**Available data**
· · · ·

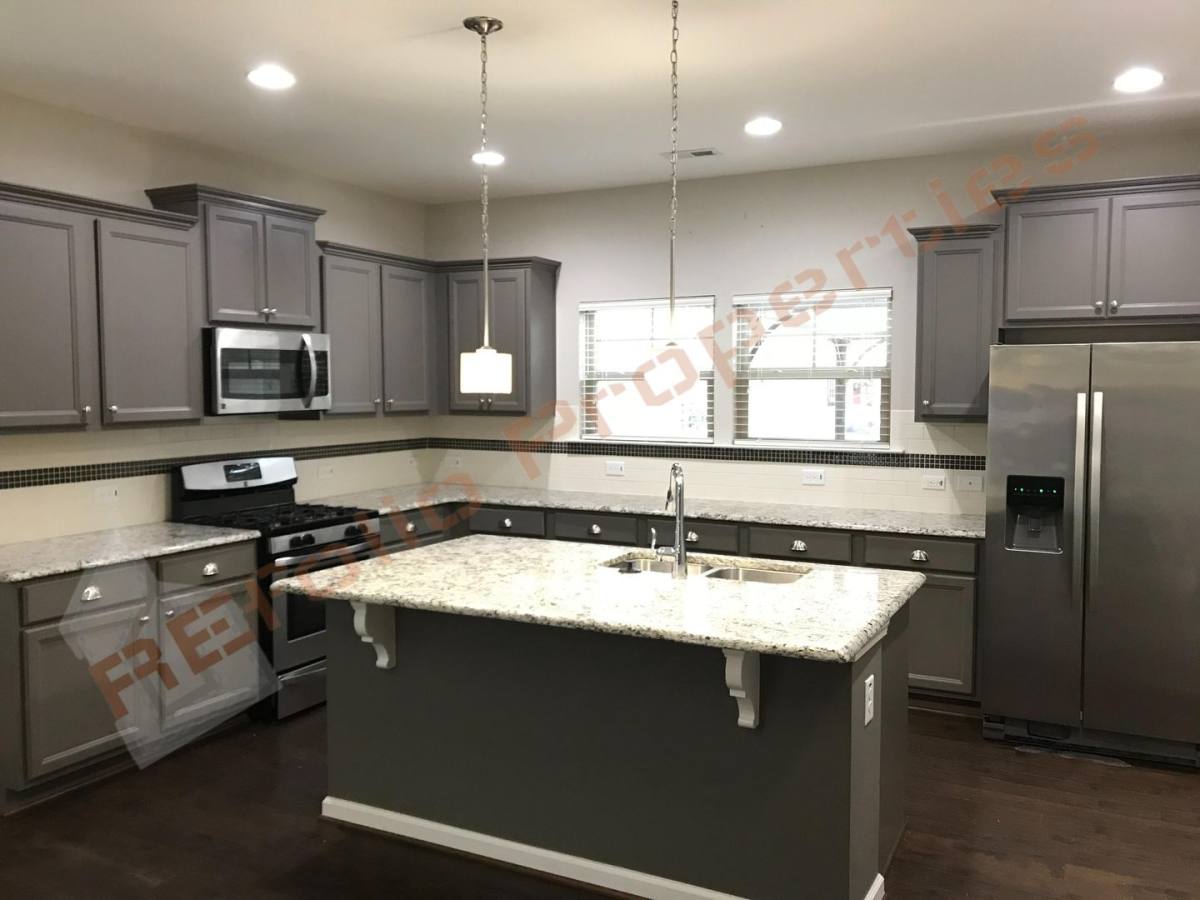 Townhouse for rent at 1014 Midtowne Way, Durham, NC 27713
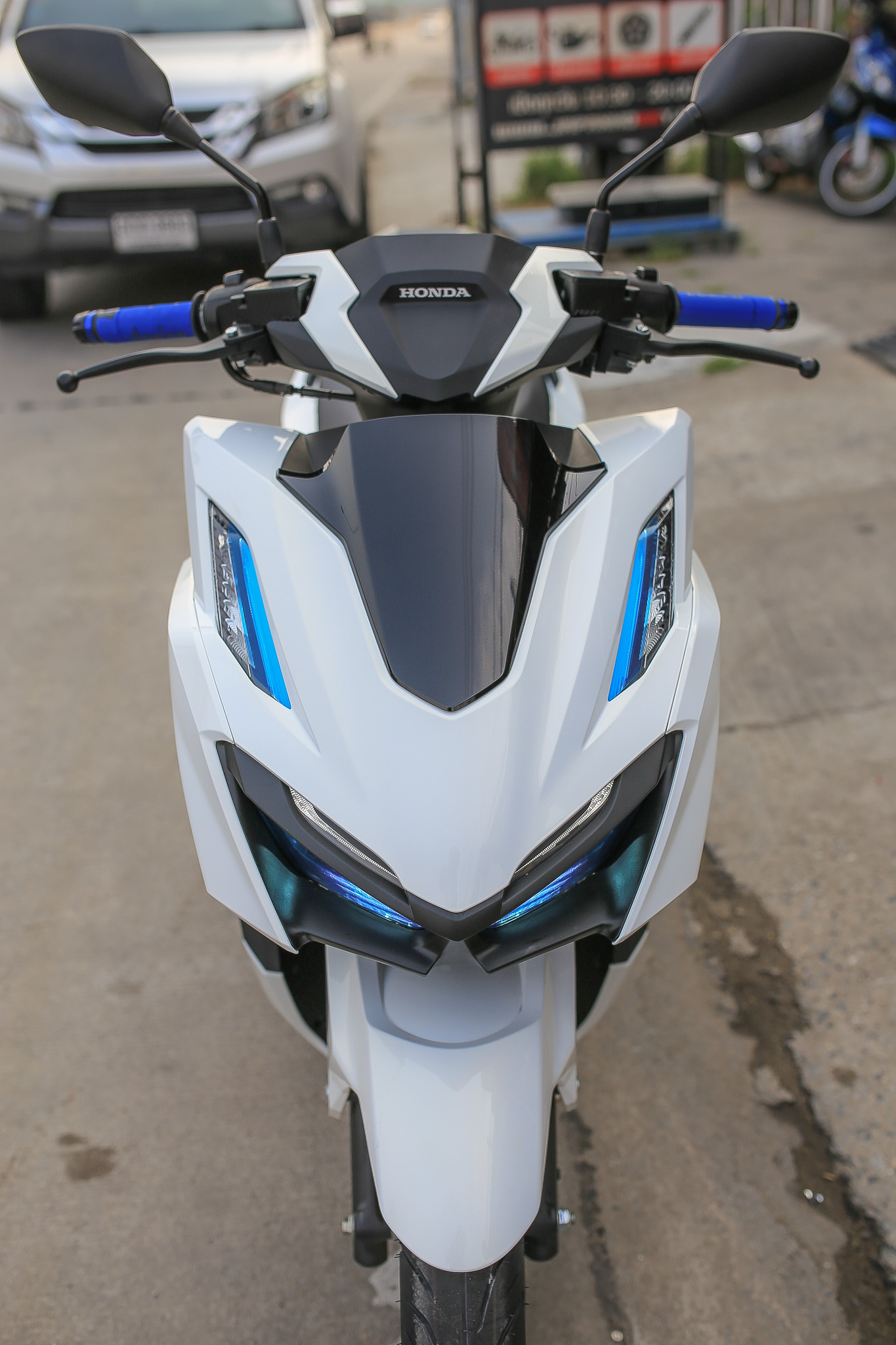 ฟิล์มไฟหรี่ click 160 มีสีชา น้ำเงิน แดง เหลือง ราคา80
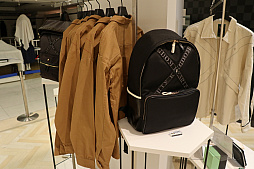 ꡼ No.004 | ֡إ󥰥 ϡġ SuperGroupies ݥåץåץȥפ82ޤǳ档饤ͽʤμʪåǤ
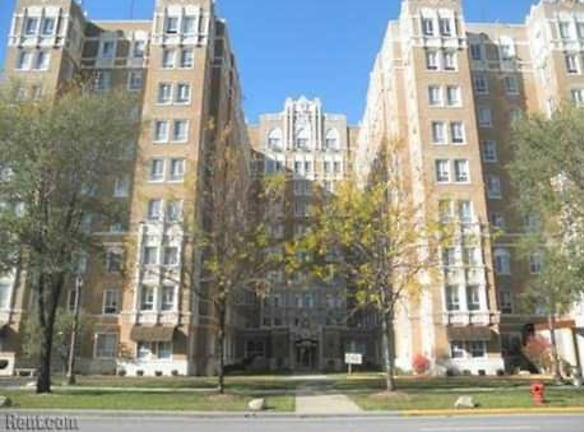 Country Club Apartments 1 - Chicago, IL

· · · ·

**Task instructions**
Each line of the material goes into your copy unchanged, but no picture does.

**Output of the exercise**
 Townhouse for rent at 1014 Midtowne Way, Durham, NC 27713
 ฟิล์มไฟหรี่ click 160 มีสีชา น้ำเงิน แดง เหลือง ราคา80
 ꡼ No.004 | ֡إ󥰥 ϡġ SuperGroupies ݥåץåץȥפ82ޤǳ档饤ͽʤμʪåǤ
 Country Club Apartments 1 - Chicago, IL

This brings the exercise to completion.